Currently reading: Taiyou no Ie
I have been away for a while (again!), attending university, writing midterms, attempting to learn Mandarin Chinese, and applying for internships in various places. But I’m back now! I really want to thank all of you who commented while I was away. You guys really give me so much motivation to blog, and reinforce my vision for this blog – a shoujo manga blog with a unique sense of commentary. Thank you all so much!
Getting back to the matter at hand…this is a manga that I absolutely love, and have loved for a pretty long period of time. It’s a manga I genuinely enjoy rereading, and one that I’m sure you’ll all enjoy too. Its recent updates have been very satisfying, and I’m very happy with the direction the series has taken in the past, and am optimistinc about the direction the author will take the series in the future. Here’s a look at Taiyou no Ie.
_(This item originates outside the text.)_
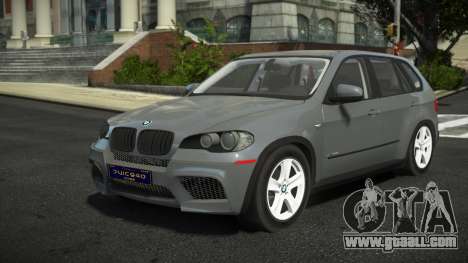 BMW X5 IntDa for GTA 4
Summary: Mao hasn’t had the greatest relationship with her family since her father remarried, but despite his outward personality, she still loves him and wants his approval and love. But when Mao is suddenly told that she doesn’t need to come home anymore, where is she supposed to go? Thankfully, childhood friend (and crush) Hiro is willing to offer her a place to stay, along with the warm family she has always wanted. However, the return of Hiro’s younger sister Hina to the family home means that Mao and Hiro must eventually be separated. Will Mao every reconcile with her father? And will Mao’s love for Hiro ever be realized?
Thoughts so far:
I really love this manga. I really do. It’s one of the main series of late that I look forward to reading as far as updates go. As to why I really love this manga, it’s really a matter of how strong the writing is. The premise of this series isn’t exactly a new one, but the character interactions are really what set this series apart from the rest.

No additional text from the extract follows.